Tips on Being Really Present to Your Teen or Preteen Girl

It’s not easy parenting a preteen or teenage girl. It’s not easy being one, either. For the girl, it’s an emotional stage of growth, and for the parent or caregiver, it can be very trying. But there’s also potential for increased closeness and intimacy; after all, she’s growing older, and she understands more, and your relationship with her can develop into something beautiful and more mature. Daughters are such gifts, especially when this happens.

What does she need from you? How are you able to give it? These are questions that are unique for each person, but there’s a common thread here. All people have an emotional need for intimacy. In children, this need is first and foremost met by the parents. As children grow older, their siblings and extended family contribute in this process. Friends become more important as the child grows older. By the time girls enter their teen years, their friendships are usually vitally important to them.

But does this mean their need for parenting diminishes? No, not at all. They need us just as much, but in a different way. They need support, encouragement, boundaries, listening, and of course, love. How does this differ from their earlier years? How do we change our parenting to meet the needs of an older child?

Being present is important, and that can take different forms. Maybe going online with your preteen and watching that new movie trailer that she can’t wait to see. Or spending time as she shows you her latest Minecraft invention. Or looking into her eyes and really trying to listen as she tells you about her latest science project or bus episode; not trying to fix it; just listening with love. Everyone needs to be listened to, and this is one way to show someone you are there for them. It can mean silently taking over the kitchen when something explodes in the microwave and she bursts into tears, or not criticising when she knows she’s made a mistake. Or how about apologizing when we’ve made a mistake and trying to do better next time? Or thanking her when she helped her little sister so you could get your work done?

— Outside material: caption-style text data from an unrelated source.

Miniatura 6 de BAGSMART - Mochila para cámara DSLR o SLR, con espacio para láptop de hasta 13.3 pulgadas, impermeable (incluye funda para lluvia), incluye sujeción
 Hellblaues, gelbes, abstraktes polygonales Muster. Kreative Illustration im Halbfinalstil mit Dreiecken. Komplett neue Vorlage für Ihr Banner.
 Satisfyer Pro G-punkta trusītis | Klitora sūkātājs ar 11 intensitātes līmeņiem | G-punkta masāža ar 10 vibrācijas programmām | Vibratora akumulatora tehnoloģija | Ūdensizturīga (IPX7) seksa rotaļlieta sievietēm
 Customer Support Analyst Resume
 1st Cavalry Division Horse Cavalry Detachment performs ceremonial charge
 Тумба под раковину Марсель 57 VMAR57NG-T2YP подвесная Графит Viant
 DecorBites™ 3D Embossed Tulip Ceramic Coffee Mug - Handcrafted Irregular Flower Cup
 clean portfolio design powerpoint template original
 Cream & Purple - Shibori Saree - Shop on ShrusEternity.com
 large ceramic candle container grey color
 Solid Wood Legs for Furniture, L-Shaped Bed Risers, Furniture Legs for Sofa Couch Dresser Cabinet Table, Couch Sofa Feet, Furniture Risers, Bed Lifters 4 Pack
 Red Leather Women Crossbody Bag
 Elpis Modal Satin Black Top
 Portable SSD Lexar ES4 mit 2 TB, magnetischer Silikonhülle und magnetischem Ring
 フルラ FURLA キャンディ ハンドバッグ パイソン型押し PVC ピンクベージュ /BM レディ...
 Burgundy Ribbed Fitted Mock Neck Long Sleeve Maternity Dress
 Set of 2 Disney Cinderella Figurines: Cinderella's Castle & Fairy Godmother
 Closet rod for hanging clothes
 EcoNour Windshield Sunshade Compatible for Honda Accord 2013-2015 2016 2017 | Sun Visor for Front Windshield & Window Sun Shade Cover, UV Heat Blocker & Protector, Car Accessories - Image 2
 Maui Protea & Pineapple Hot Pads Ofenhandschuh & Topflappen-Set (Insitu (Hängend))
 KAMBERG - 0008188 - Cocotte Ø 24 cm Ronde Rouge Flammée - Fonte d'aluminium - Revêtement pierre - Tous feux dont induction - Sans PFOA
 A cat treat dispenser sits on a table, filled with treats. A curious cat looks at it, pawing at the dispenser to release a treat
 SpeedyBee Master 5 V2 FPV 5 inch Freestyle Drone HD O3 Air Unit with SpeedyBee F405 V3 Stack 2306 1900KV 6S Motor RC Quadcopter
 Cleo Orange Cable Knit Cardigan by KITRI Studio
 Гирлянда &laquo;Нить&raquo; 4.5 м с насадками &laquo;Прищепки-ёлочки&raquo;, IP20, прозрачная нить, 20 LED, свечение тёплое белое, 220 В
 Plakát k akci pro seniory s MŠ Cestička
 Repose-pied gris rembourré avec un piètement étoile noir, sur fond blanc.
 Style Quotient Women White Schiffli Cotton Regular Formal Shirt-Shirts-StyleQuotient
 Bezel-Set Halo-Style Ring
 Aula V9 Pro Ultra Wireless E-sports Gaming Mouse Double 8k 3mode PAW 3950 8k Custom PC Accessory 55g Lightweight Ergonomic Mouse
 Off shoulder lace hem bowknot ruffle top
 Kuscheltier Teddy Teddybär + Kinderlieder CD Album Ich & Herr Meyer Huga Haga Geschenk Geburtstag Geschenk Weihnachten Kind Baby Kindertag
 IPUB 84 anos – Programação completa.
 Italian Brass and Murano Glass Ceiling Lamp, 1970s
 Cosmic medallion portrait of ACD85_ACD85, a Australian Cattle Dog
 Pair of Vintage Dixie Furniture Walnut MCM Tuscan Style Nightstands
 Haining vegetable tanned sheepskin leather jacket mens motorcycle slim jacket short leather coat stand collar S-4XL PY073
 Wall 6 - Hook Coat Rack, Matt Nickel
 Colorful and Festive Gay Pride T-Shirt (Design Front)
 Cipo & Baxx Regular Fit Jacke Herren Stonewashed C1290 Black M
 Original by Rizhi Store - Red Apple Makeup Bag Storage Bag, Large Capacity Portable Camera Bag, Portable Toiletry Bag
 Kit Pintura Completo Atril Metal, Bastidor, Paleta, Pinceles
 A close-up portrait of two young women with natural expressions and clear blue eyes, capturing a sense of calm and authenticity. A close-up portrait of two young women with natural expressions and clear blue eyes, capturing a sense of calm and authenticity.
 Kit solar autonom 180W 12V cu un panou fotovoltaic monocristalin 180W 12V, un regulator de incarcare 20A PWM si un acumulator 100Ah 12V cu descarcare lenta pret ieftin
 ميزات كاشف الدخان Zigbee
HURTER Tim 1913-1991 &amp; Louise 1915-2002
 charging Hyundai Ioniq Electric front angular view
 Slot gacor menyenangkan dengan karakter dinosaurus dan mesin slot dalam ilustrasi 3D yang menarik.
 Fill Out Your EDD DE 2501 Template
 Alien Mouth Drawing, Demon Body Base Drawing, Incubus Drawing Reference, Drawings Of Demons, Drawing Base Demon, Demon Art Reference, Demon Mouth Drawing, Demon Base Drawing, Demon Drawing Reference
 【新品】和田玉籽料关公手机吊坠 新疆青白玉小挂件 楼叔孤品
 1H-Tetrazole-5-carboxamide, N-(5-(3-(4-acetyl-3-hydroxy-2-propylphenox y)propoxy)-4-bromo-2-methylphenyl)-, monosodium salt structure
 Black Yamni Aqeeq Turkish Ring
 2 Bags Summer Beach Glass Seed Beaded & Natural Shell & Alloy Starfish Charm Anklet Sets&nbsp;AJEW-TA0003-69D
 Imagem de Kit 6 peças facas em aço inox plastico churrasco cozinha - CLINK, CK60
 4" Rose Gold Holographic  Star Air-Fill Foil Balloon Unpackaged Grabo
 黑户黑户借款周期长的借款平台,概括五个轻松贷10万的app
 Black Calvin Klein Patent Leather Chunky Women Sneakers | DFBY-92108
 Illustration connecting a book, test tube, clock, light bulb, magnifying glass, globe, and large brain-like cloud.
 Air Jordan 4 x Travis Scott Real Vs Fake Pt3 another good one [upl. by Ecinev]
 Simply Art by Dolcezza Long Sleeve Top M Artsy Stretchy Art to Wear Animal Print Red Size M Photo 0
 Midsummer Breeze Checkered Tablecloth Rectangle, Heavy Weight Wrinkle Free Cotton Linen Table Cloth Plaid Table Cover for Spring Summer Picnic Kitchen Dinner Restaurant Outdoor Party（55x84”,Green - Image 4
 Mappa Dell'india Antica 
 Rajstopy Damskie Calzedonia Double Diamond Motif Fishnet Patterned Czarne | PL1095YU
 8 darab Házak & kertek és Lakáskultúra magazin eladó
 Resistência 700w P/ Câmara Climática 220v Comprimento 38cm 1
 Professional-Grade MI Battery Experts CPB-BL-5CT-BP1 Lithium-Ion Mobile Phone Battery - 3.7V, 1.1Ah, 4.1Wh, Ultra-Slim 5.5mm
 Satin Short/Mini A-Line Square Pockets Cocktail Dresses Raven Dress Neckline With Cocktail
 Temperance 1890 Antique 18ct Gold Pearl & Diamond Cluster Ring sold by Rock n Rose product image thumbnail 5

Discipline, yes, but also kindness. Speaking in a kind tone of voice when we delineate the chores she needs to do, instead of making it sound like a list of demands. Then throwing out a positive comment here and there as she does those chores, especially before we need to make a correction.

Things like this require effort on the parents’ part, and maybe some sacrifice.

It’s so easy to get caught up in day-to-day stress that we can forget what’s really important. Teens girls often like to talk at inconvenient times, like when we want to go to bed, or as we are getting in the car to go somewhere. If we can’t listen right then, maybe we can give them a time we can. It’s a question of mutual respect and balance.

If our girls get the emotional support they need from home, they will be much more equipped to handle their teen world, and much less likely to seek that support from sources that might not be good for them. As parents and caregivers, this should be near the top of our priority list. And a little reminder from time to time is a good thing.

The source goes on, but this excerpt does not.